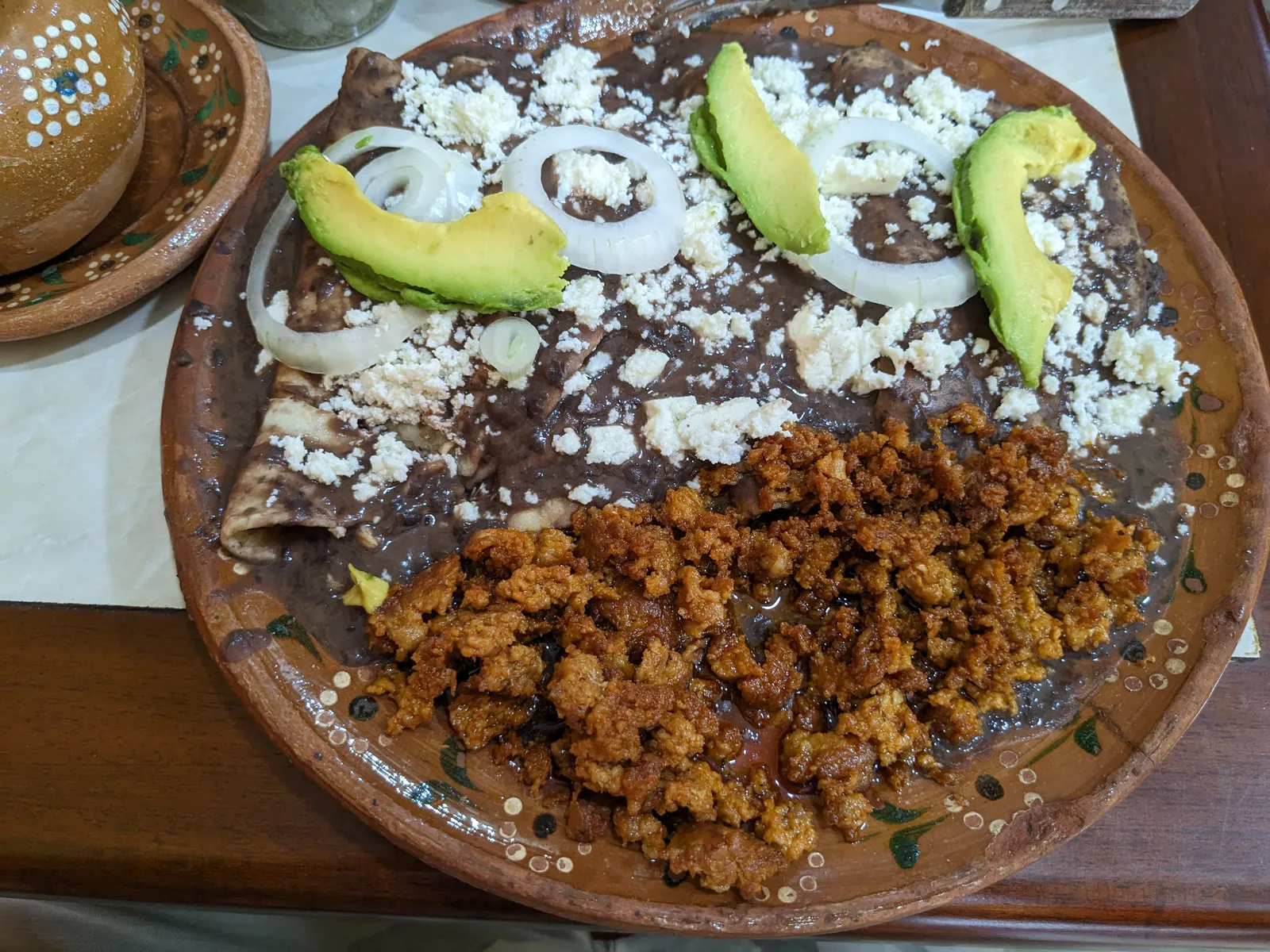 Quesadillas Y Huaraches Mi Mexico image 5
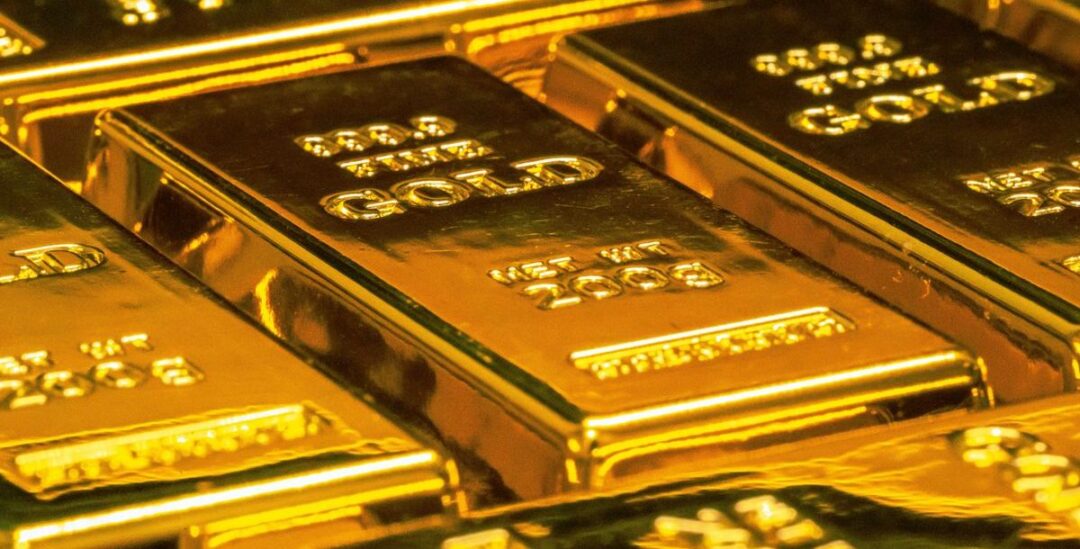 Goldgräber-Stimmung mit Delle - Barren jetzt bloß nicht verkaufen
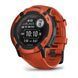 Смарт-годинник Garmin Instinct 2X Solar Flame Red (010-02805-01) 00007981 фото 1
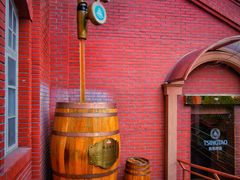 -青岛啤酒博物馆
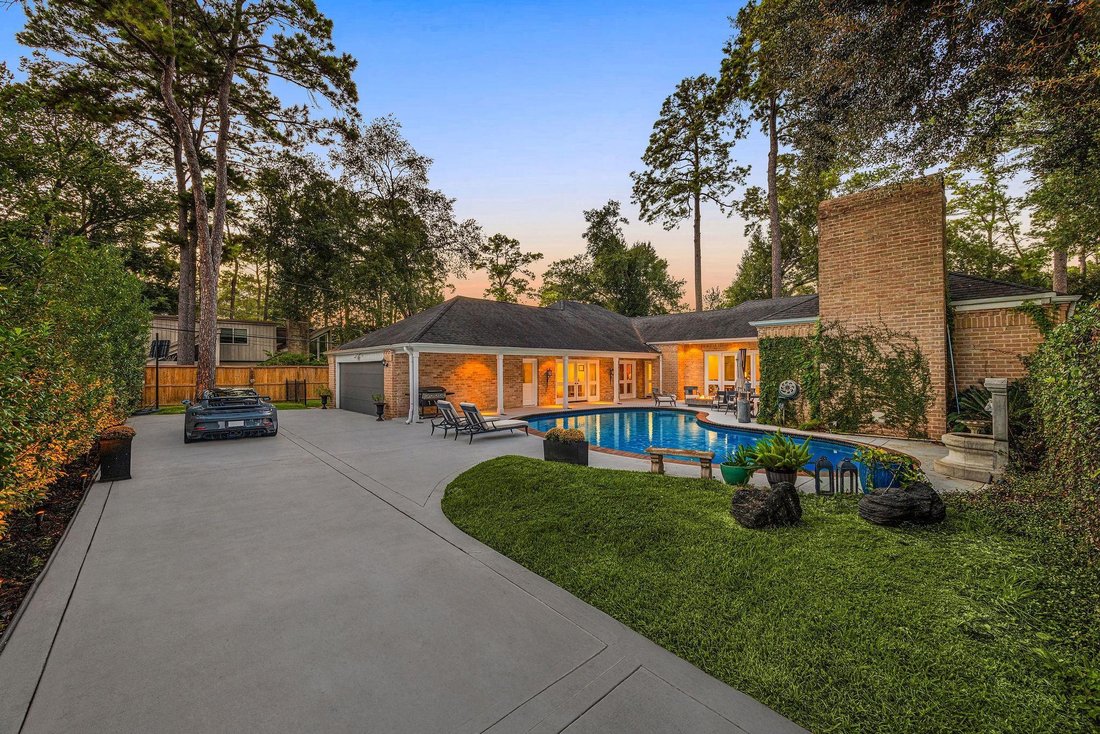 House in Houston, Texas, United States 2 - 19014571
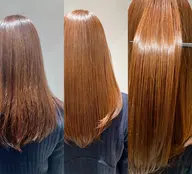 🉐【1日1人限定】⭐️髪質改善トリートメント！🈹次回特典付き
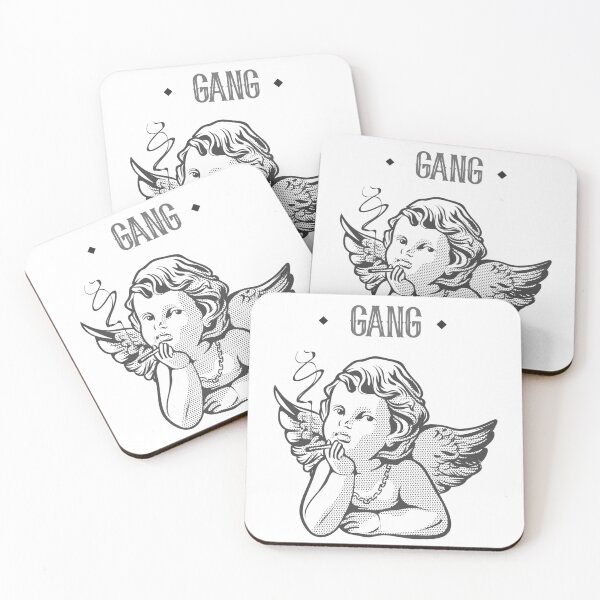 Item preview, GANG designed and sold by mirelbussines.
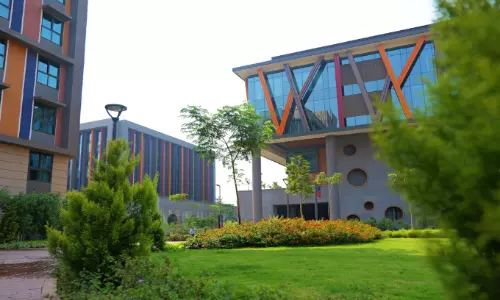 BITS Law School Commences Admissions For 2026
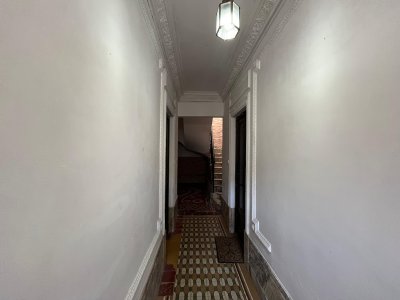 Apartamento ID.498 - Apartamento en venta 3 dormitorios Aguada
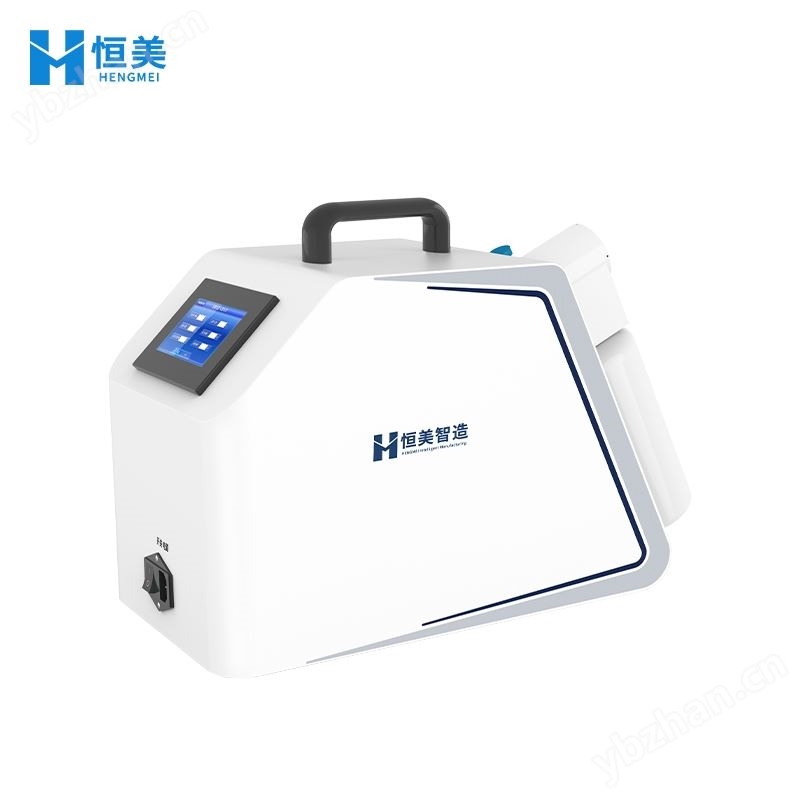 过氧化氢灭菌器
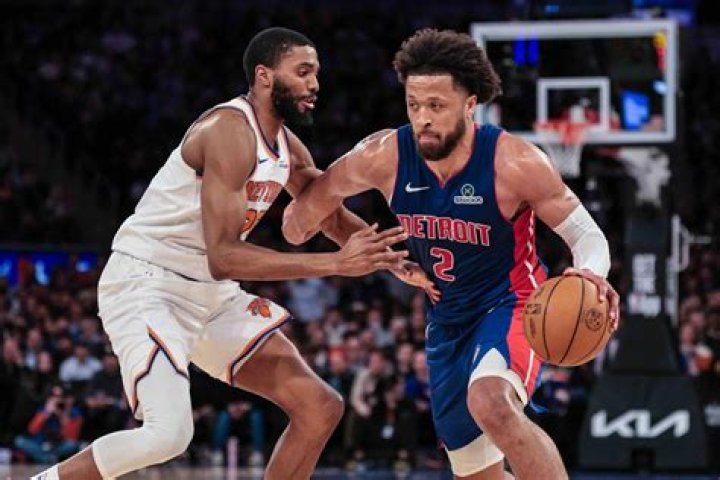 Unveiling The Cunningham Sibling Impact: Behind Cade's NBA Journey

══════════════════════════════

### WHAT THE EXERCISE ASKS
Your answer should be every entry repeated exactly, minus the pictures.

### RESPONSE FOR THIS EXERCISE
 Quesadillas Y Huaraches Mi Mexico image 5
 Goldgräber-Stimmung mit Delle - Barren jetzt bloß nicht verkaufen
 Смарт-годинник Garmin Instinct 2X Solar Flame Red (010-02805-01) 00007981 фото 1
 -青岛啤酒博物馆
 House in Houston, Texas, United States 2 - 19014571
 🉐【1日1人限定】⭐️髪質改善トリートメント！🈹次回特典付き
 Item preview, GANG designed and sold by mirelbussines.
 BITS Law School Commences Admissions For 2026
 Apartamento ID.498 - Apartamento en venta 3 dormitorios Aguada
 过氧化氢灭菌器
 Unveiling The Cunningham Sibling Impact: Behind Cade's NBA Journey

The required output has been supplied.